Qu’en est-il de la réhabilitation du nucléaire opérée à la COP28 ? La France peut-elle en profiter, aussi bien pour son marché intérieur que pour l’exportation ? Notre savoir-faire en la matière est-il toujours à niveau ?
C’est évident que l’énergie nucléaire, l’énergie la plus bas-carbone qui existe, doit être considérée comme l’un des outils de la défossilisation de nos systèmes énergétiques. Et la France a raison de le rappeler et de porter ce flambeau lors de la COP28, avec d’autres pays. Mais il ne faut pas non plus faire croire que c’est la solution miracle. D’abord parce que c’est une énergie électrique et l’énergie consommée par la planète ne sera jamais exclusivement électrique, même si l’électrification de nombreux usages va nécessiter inéluctablement une augmentation importante de la production électrique. Ensuite, parce que ces technologies nucléaires, complexes, ne sont maîtrisées que par un nombre limité de pays, comme la France, les États-Unis, la Chine, etc., et qu’il est exclu que les réacteurs nucléaires prolifèrent dans n’importe quel pays. Pour ce qui est de la France, elle a la chance de disposer d’une industrie électronucléaire de très haut niveau et, même si des décisions politiques anti-nucléaires désastreuses prises au cours des 20 dernières années, ont conduit à une perte significative de substance et de compétences, les nouvelles perspectives aujourd’hui ouvertes (prolongation des réacteurs, construction de nouveaux réacteurs) conduiront à redonner des moyens à cette industrie et à assurer, en partie, une souveraineté énergétique absolument indispensable.

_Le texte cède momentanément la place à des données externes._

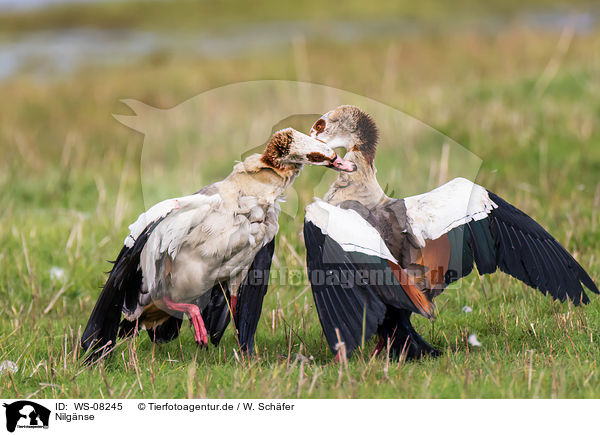 Nilgnse / Egyptian geese / WS-08245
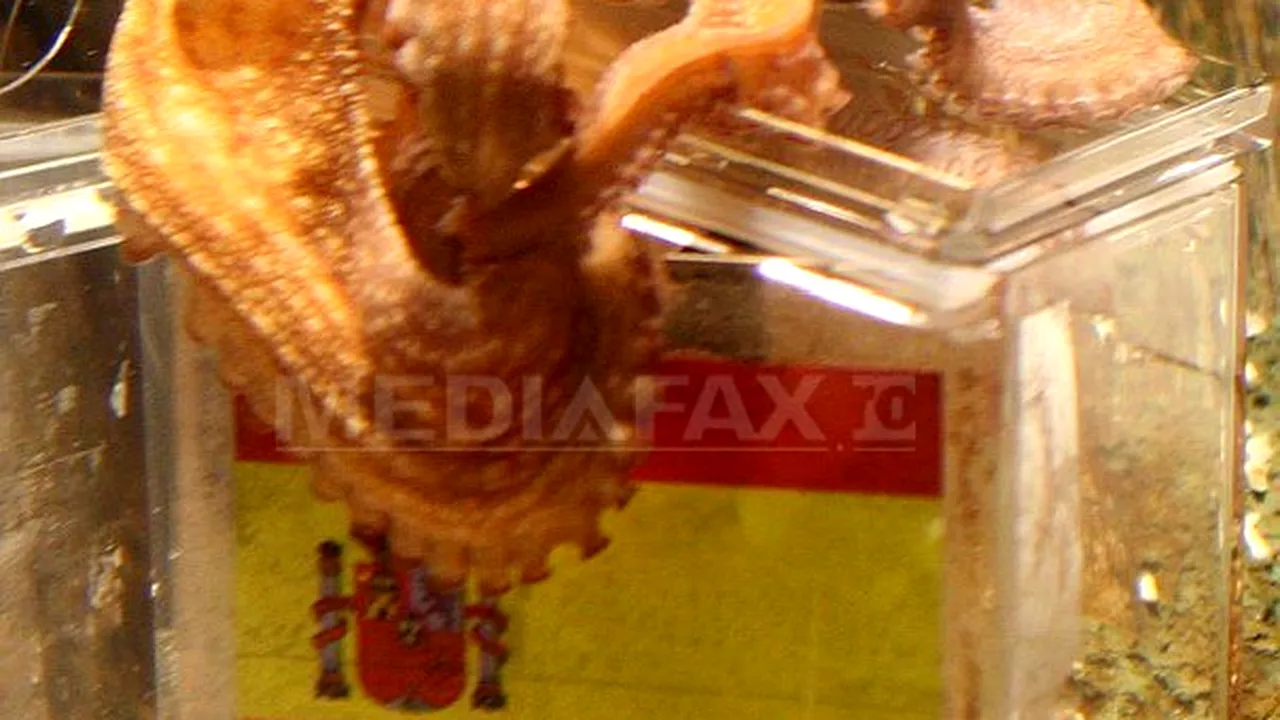 Caracatiţei Paul i-au ieşit toate 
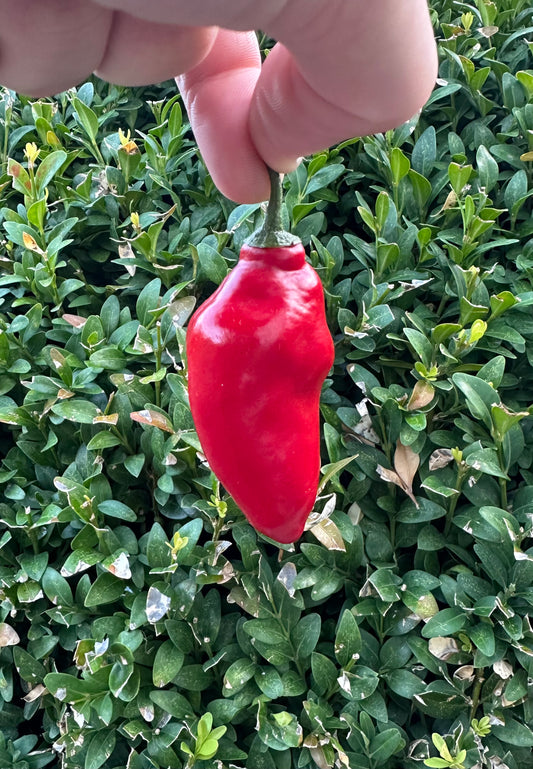 Rocoto Manzano Sangar Rojo 2025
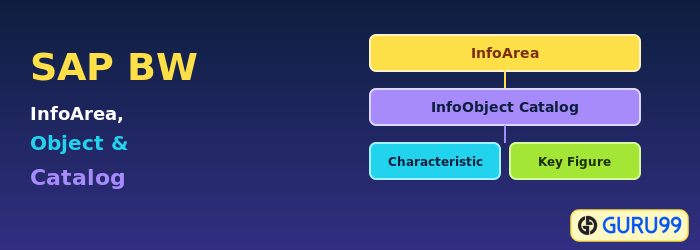 SAP BW InfoArea, InfoObject and Catalog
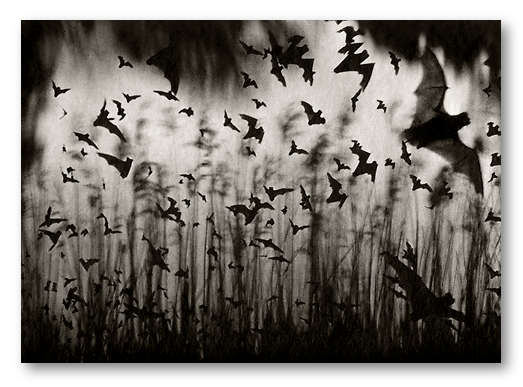 Dan Burkholder - Bats through Glass, 1989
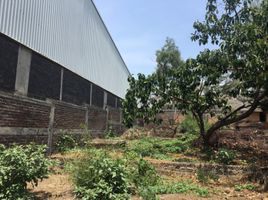  Terreno (Parcela) en venta en Iztapalapa, Ciudad de México, Iztapalapa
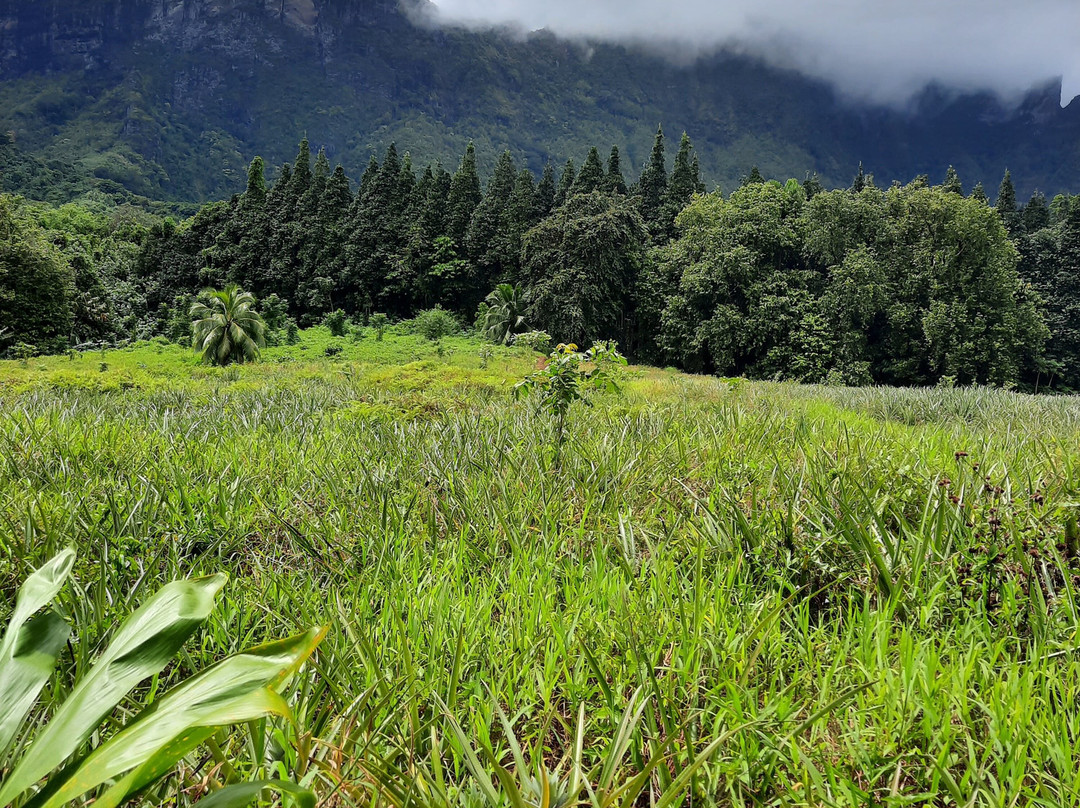 Vallée D'opuhonu (pineapple Fields)-帕佩托艾必去景点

Que pensez-vous de la façon dont les politiques et les médias parlent de la question climatique : le ton et le fond vous semblent-ils bien ajustés à ce que l’on sait scientifiquement ?
Chacun fait comme il peut face à une question aussi complexe que le changement climatique et la transition énergétique et environnementale à mettre en œuvre. Il est de bon ton et trop facile de trouver des boucs émissaires, politiques, médias, entreprises, etc. On peut regretter qu’en effet, les connaissances scientifiques soient si peu partagées par les décideurs politiques et économiques et les journalistes, mais ces connaissances sont devenues tellement denses qu’on peut difficilement le leur reprocher. Le citoyen lui-même n’est pas mieux armé, et pourtant il en parle aussi de la question climatique, naturellement, d’ailleurs encore plus aujourd’hui qu’hier à travers les réseaux sociaux. C’est une question majeure : comment mener démocratiquement des politiques pertinentes et rationnelles dans un contexte de complexification croissante des systèmes à transformer ?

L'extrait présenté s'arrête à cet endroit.